A few years after that our model correctly predicted the NCAA tournament’s Final Four, the finalists, and the winner – even the NIT winner. Again, there was a significant luck component – because there’s so much randomness I don't expect it to ever happen again – but it really helped in terms of getting us attention and getting people to pay attention to it.
Yes. One of our Master’s of Science in Analytics students is working for a sports startup, and a second interned for an NFL team. Another of our M.S. Analytics students has his own sports analytics startup, and yet another seems to be moving in that direction. At the undergraduate level, I have an excellent research student who is going to be an analytics intern with a Major League Baseball team this summer.
Overall, it’s hard to get a job in sports analytics. There are so many people with the combination of technical skills and sports interest who apply that the competition is very difficult. Many of the people who get sports analytics jobs have already done sports analytics as a hobby and have done it well – They’ve written about it on blogs and websites, gotten noticed, and been hired. Showing off your own good, original work is the most sure-fire way to get noticed and hired, but you have to have good work to stand out, because there are so many people blogging.
There have been several changes over the past few years. For example, machine learning has really taken off, there has been a proliferation of good analytics software and analytics-friendly platforms, etc. But to me, the biggest change has been that analytics has really become a household word. It used to be that when I told people I do analytics, I’d have to explain what it is. Now, everyone knows what it is and wants to find out exactly what I’m working on.

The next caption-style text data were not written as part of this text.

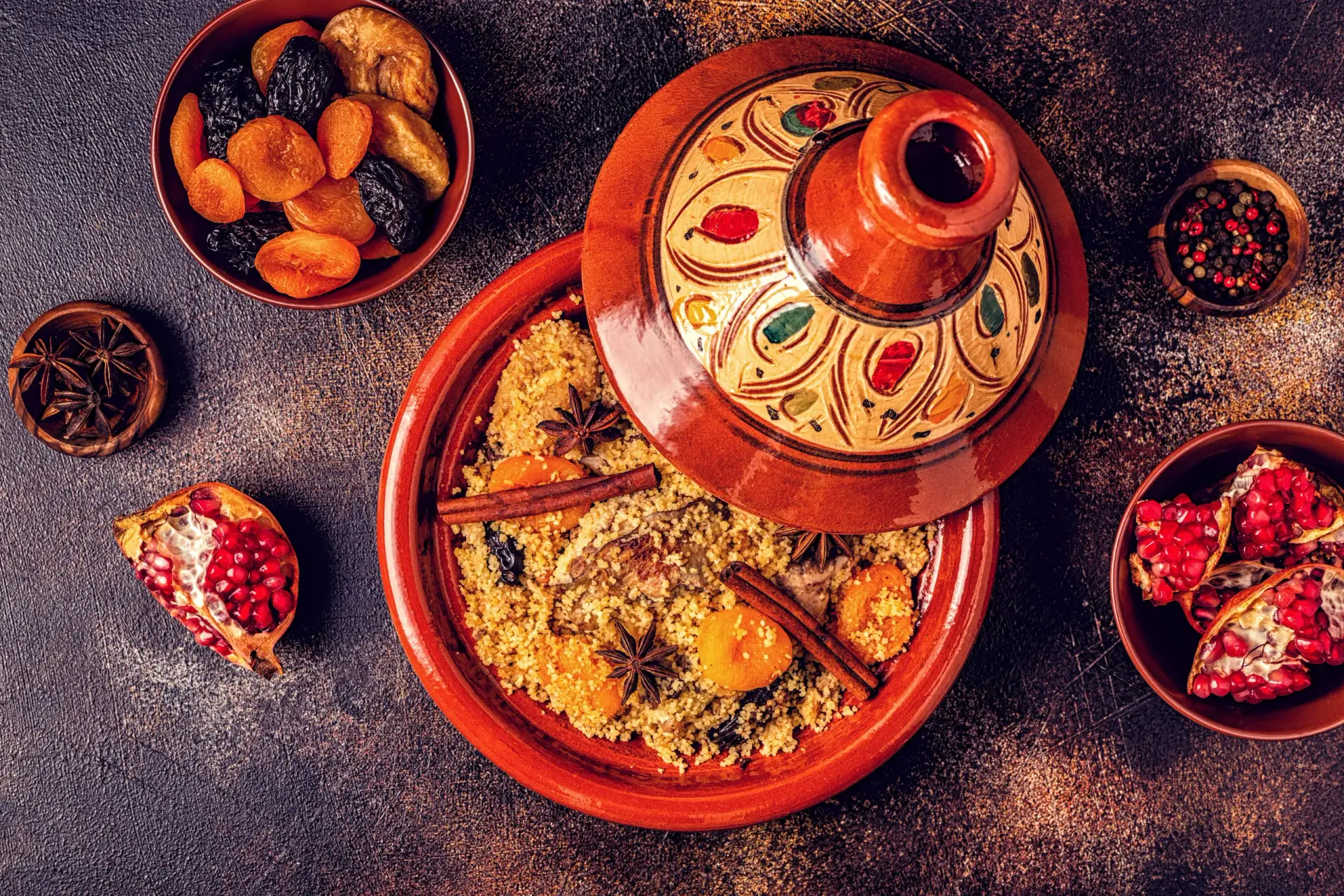 Traditional Moroccan tagine with couscous, dried fruits, and spices – Mediterranean catering dish at Aladdin Houston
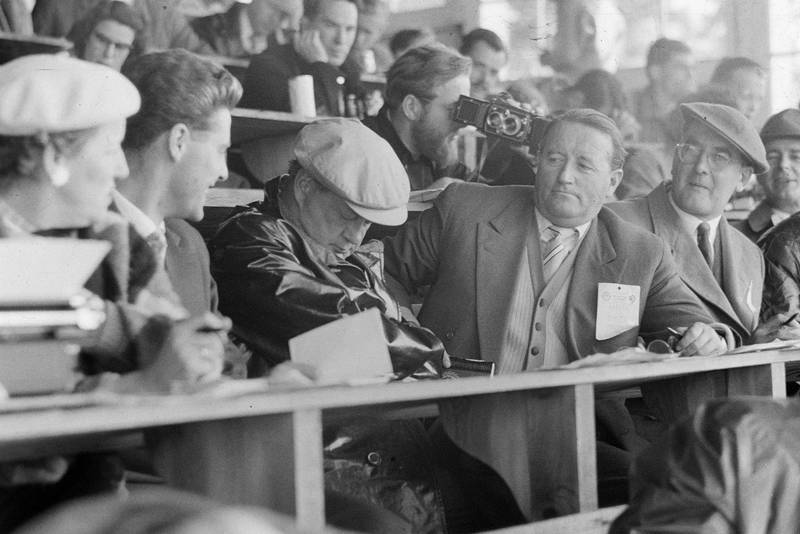 A journalist falls asleep in the press box. Denis Jenkinson can be seen checking a camera just behind.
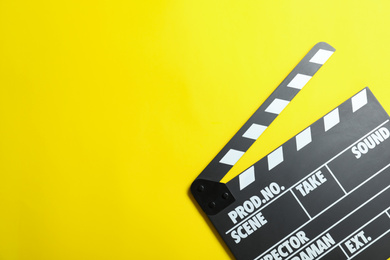 Photo of Clapper board on yellow background, top view with space for text. Cinema production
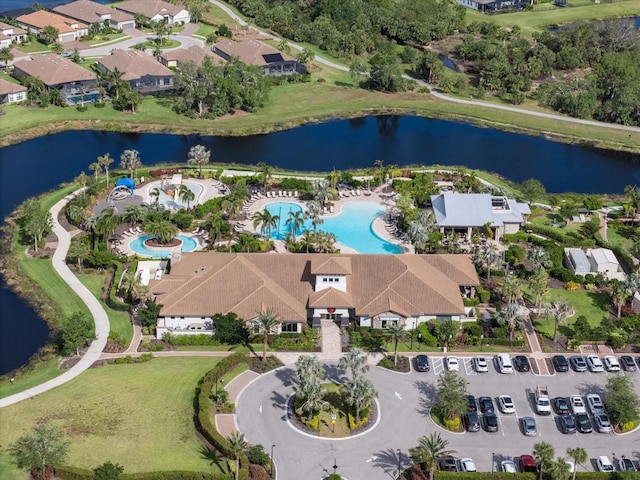 drone / aerial view with a water view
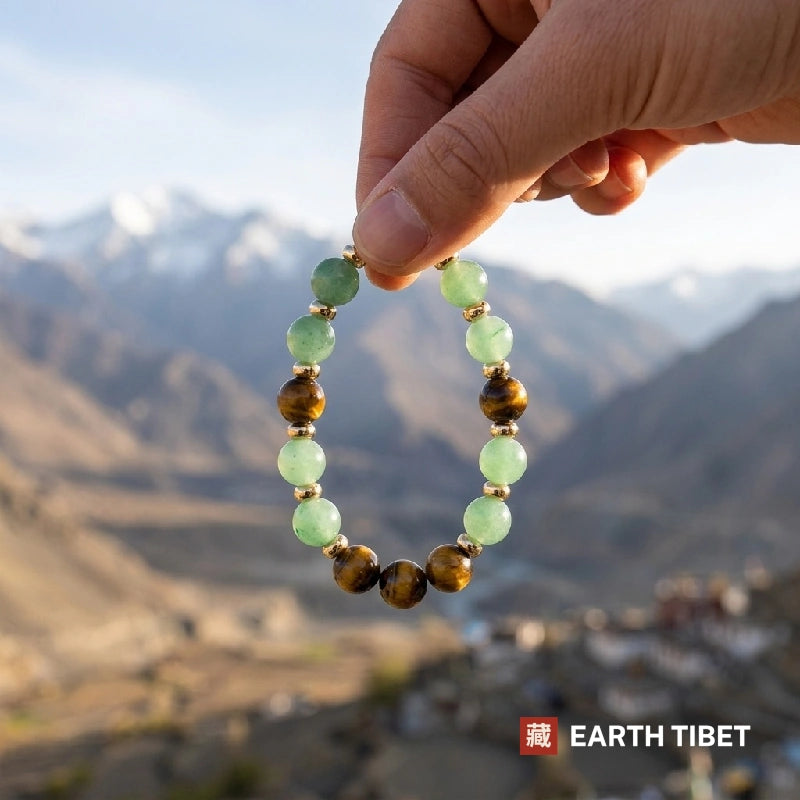 Full circle of the 8mm aventurine and tiger's eye luck bracelet on dark stone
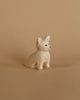 A small, handcrafted figurine of a Handmade Tiny Wooden Chihuahua with delicate facial features sitting against a plain beige background. The Chihuahua, carved from Albizia wood, has subtle black detailing for its eyes, whisk.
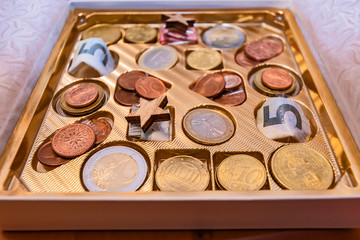A great idea how to pack money as a gift in a candy box.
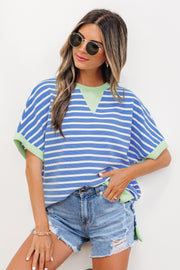 Woman wearing sky blue and white striped loose short sleeve top with light green contrast trim, paired with denim shorts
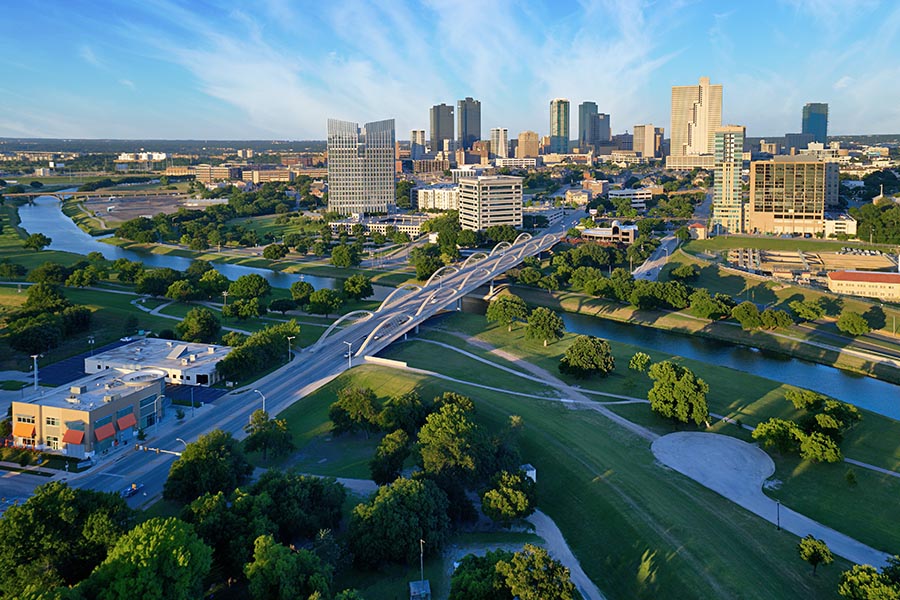 Frisco, TX - Aerial View of Downtown Fort Worth Displaying Many Trees, Buildings, a River on a Sunny Day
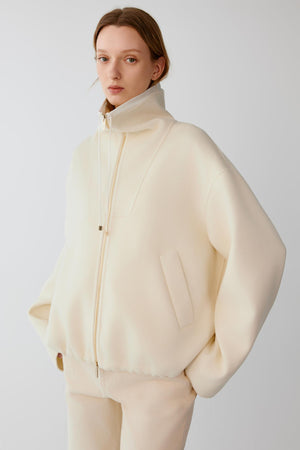 Front view of a woman wearing a cream wool cashmere jacket, showing the relaxed silhouette, high stand collar and two-way front zip fastening.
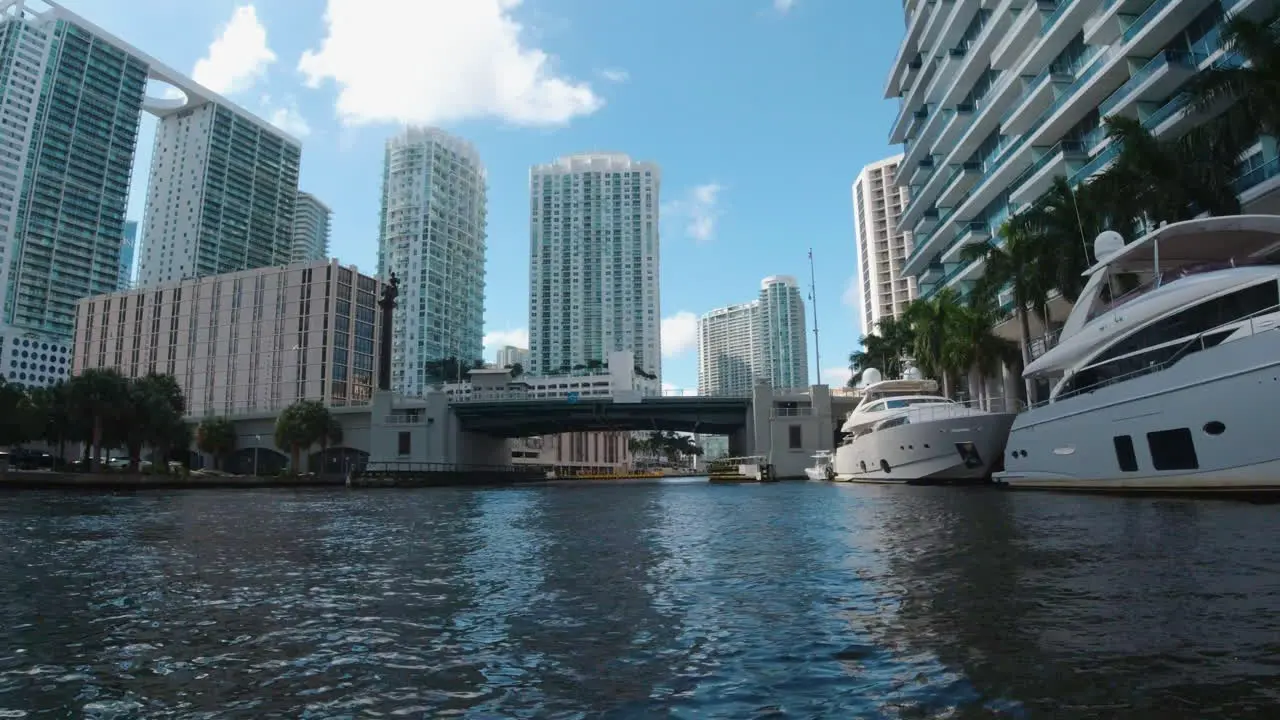 tall buildings and yachts line the coast of the waterways in Miami Florida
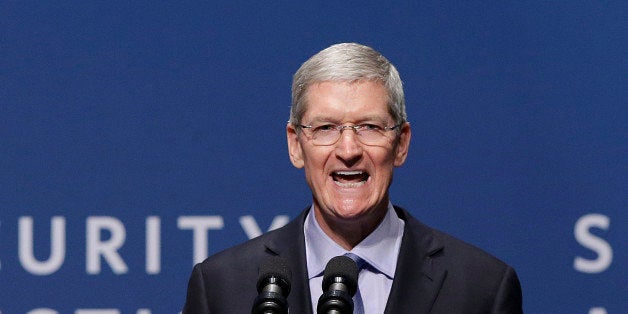 Apple CEO Tim Cook speaks at the White House Summit on Cybersecurity and Consumer Protection in Stanford, Calif., Friday, Feb. 13, 2015. (AP Photo/Jeff Chiu)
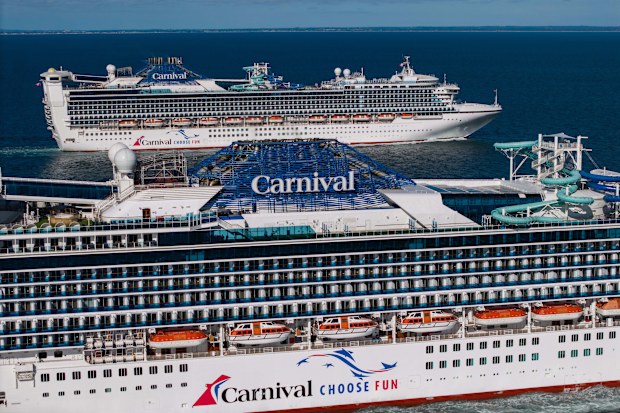 Carnival Adventure and Carnival Encounter sailing side by side.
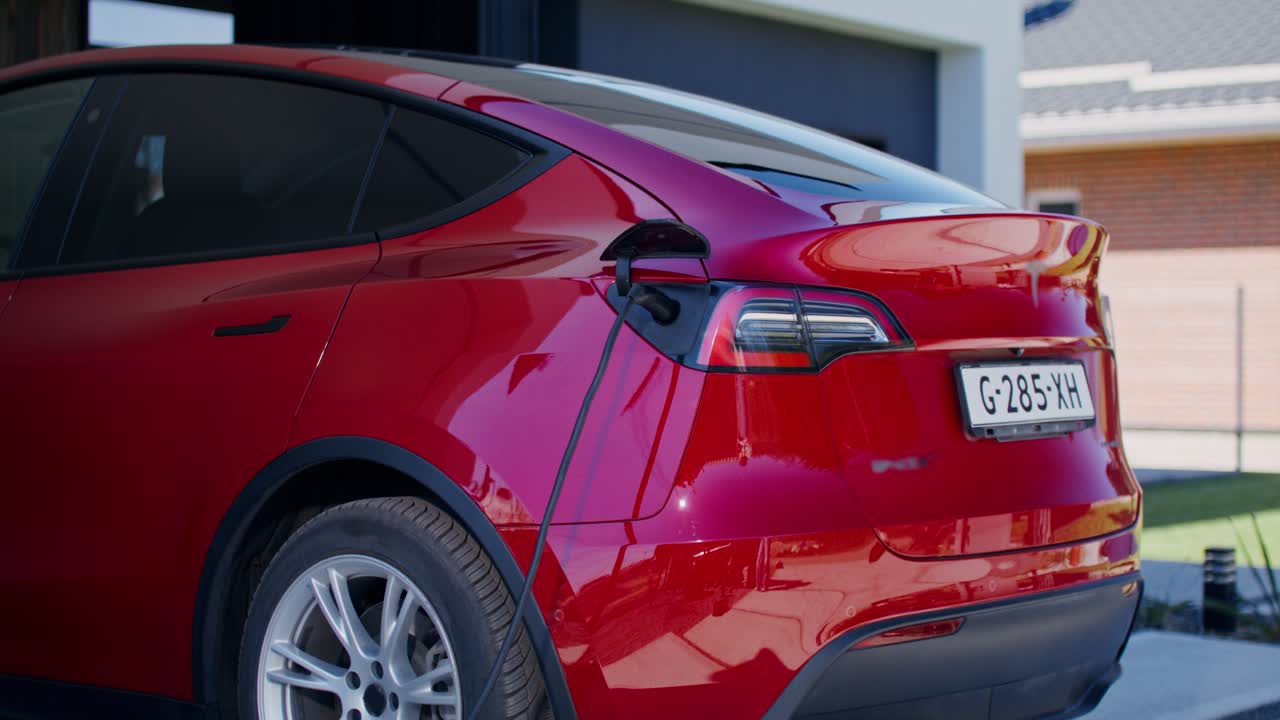 Red Electric Car Charging at Home
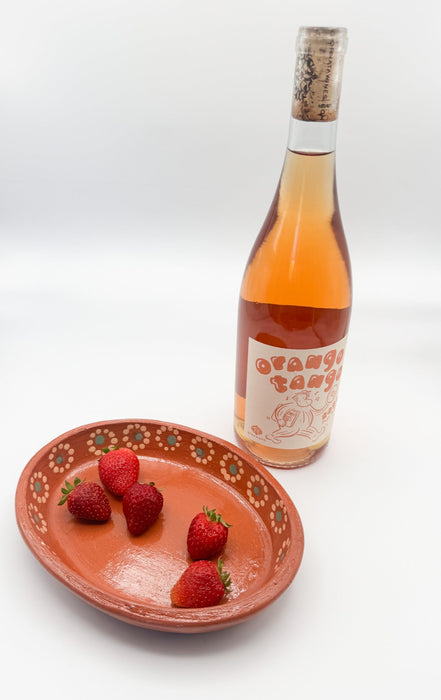 Bottle of rose wine with a plate of strawberries on a white background
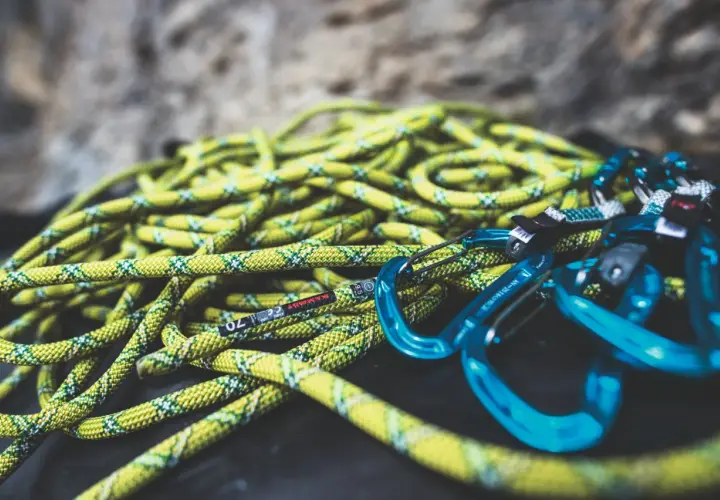 Cuerda de escalada amarilla y verde con mosquetones azules. Lista para lavar y usar en la próxima aventura.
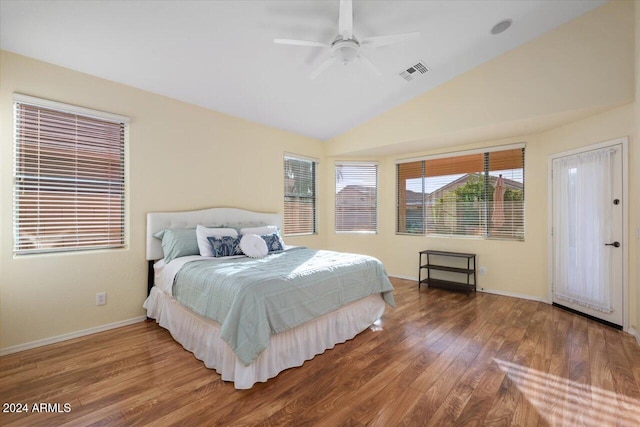 bedroom featuring hardwood / wood-style floors, ceiling fan, and lofted ceiling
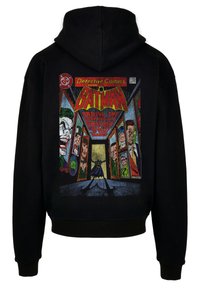 Felpa nera con cappuccio, caratterizzata da una grafica colorata in stile fumetto di Batman, con villain illustrati all'interno di riquadri e testo in grassetto. Materiale in cotone, design a pullover.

I see a few areas where analytics is really going to grow. First, I think, will be prescriptive analytics. Initially – and this is just a generalization – descriptive analytics was the hot area, and the cutting-edge companies were the ones who had figured out how to use good predictive analytics. Now, lots of companies have gotten into predictive analytics, and the cutting-edge companies are the ones who are also incorporating good prescriptive analytics. Five or 10 years from now, I think lots of companies will be incorporating prescriptive analytics as well.
Another growth area in analytics is, I think, going to be in trying to outthink analytics systems. A good parallel might be an internet search. First, Google got really good at figuring out which were the best sites to send you to. Then, people started getting very good at gaming the system – figuring out ways to trick Google’s algorithm into sending you to their website, even if it wasn’t the best.
I think there’s a coming parallel growth in analytics. For example, now that there are good algorithms for determining whether an individual is a good loan risk, it won’t be long before someone works out the best way to fool those algorithms. When self-driving cars become more common, it probably won’t take that long for one driving algorithm to figure out how to exploit another driving algorithm – “Get there faster when you’re stuck in a jam! Our self-driving algorithm gets Company X’s cars to let our car merge ahead in traffic 92 percent of the time!” Analytics to trick others’ analytics are coming soon, if they’re not here already.
And finally, I think that analytics will grow in the area of human behavior. Most of the current analytics algorithms don’t do a good job of accounting for human behavior and human reaction. I think the ability to do that can and will be a big differentiator, especially as we continue to advance both in analytics techniques and in our knowledge of how humans think and act.